Le numéro de juillet 2023 de la revue allemande « Unterwegs » intègre un article sur l’Abbaye de Fontcaude, rédigé par Sébastien Pénari (Agence Française des chemins de Compostelle) et membre des Amis de Fontcaude.

Traduction du texte ci-dessous publié dans Unterwegs, juillet 2023, page 45 (pdf)

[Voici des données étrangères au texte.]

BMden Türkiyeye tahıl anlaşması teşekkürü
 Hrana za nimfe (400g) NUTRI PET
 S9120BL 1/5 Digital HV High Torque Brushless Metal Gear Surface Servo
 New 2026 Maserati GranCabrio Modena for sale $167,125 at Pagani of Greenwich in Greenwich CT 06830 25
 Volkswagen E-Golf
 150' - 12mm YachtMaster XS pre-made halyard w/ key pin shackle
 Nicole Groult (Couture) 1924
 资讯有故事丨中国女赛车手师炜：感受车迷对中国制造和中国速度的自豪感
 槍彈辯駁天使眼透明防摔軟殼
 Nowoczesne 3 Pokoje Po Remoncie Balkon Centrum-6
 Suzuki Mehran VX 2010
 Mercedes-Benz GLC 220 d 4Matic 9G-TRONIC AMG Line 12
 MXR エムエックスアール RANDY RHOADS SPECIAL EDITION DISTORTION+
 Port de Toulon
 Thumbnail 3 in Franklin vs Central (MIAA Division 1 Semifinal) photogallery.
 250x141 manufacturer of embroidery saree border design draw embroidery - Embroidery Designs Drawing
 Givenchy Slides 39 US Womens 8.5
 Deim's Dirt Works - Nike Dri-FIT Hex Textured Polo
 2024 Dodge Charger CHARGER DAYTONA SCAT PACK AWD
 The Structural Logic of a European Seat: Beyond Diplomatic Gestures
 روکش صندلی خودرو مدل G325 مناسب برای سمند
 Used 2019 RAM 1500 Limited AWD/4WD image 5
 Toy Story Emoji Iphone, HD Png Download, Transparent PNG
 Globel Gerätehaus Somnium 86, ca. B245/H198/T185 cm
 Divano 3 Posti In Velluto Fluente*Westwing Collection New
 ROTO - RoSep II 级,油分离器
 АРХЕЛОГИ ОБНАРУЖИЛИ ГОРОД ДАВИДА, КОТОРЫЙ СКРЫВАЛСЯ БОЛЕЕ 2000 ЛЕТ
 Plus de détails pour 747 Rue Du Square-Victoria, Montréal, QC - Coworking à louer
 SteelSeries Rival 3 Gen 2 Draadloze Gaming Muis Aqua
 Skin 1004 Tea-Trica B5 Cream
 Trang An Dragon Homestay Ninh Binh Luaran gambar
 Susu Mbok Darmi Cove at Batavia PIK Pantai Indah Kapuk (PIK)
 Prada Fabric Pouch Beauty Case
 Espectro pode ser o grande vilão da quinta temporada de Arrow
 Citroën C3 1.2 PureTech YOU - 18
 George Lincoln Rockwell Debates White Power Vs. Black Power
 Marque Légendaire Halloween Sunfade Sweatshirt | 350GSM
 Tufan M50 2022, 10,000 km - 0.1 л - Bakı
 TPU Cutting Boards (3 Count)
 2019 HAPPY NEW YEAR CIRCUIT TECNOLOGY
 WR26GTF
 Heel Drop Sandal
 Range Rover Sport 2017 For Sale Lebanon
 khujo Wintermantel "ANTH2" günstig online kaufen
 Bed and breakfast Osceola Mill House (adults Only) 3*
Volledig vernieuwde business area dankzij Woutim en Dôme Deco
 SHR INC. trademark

A la découverte du chemin par l’abbaye Sainte-Marie de Fontcaude

Une abbaye

C’est dans le creux d’un vallon, dans l’arrière pays de Béziers (Hérault),  que se dresse encore le chevet roman de l’église  Sainte-Marie de Fontcaude, vestige d’une ancienne abbaye prémontré. Fontcaude, en languedocien font cauda, signifie la fontaine (chaude), un nom inspiré par la résurgence vauclusienne qui apparaît dans un coin de la petite place du hameau. L’abbaye a été édifiée dans un désert, au centre d’un triangle formé par les trois évêchés de Narbonne, Béziers et Saint-Pons de Thomières. Des chanoines reçoivent donation en 1154 pour fonder une première communauté. Après un conflit, la communauté entre dans l’obédience de l’ordre des Prémontrés en 1180, un ordre fondé quelques décennies plus tôt par saint Norbert, natif de Rhénanie. La Vierge Marie était la patronne principale ; une statuette de la Vierge déjà figurée dans un inventaire de 1352 a été retrouvée lors des fouilles. Le culte à saint Laurent, originaire de Huesca (Espagne) fut probablement introduit à l’abbaye par l’abbé Bernard au XIIème siècle. Une relique y accomplissait des guérisons. Des chapiteaux témoignent aussi d’une dévotion à sainte Catherine d’Alexandrie, mais aussi à saint Jacques. Ce dernier est en effet représenté entouré par deux pèlerins agenouillés et reconnaissables au chapeau, à la besace et à la coquille. Comme une myriade de petites abbayes et prieurés, elle subit les aléas des temps et la commande : en 1524, elle ne comptait que cinq religieux. En 1577, durant les troubles des guerres de religion, elle est attaquée, incendiée, pillée, et les religieux s’enfuient. Elle restera pauvre avec une communauté fort peu nombreuse jusqu’aux péripéties qui, dans la seconde moitié du XVIIIème, siècle conduisent à sa suppression et à la vente des derniers bâtiments devenant alors exploitation agricole et habitations.  

Une histoire humaine

Le sauvetage des ruines de l’abbaye comme l’invention du chemin sont d’abord une aventure humaine. En 1969, des bénévoles s’organisent en association pour racheter ce qui reste de l’église, pour débroussailler le cloître et pour faire des fouilles. L’appartement d’un ouvrier agricole niché dans une chapelle est démoli. On trouve les restes de quelques moines et de nombreux restes des chapiteaux finement sculptés dans un style gothique. L’association s’efforce de racheter méticuleusement les parcelles pour ouvrir le lieu à la visite. Le musée recueille les vestiges de la statuaire et les chapiteaux ; le chevet roman reste debout ; le choeur et la première travée de la nef reçoivent un décor qui évolue toute l’année au rythme du calendrier liturgique. 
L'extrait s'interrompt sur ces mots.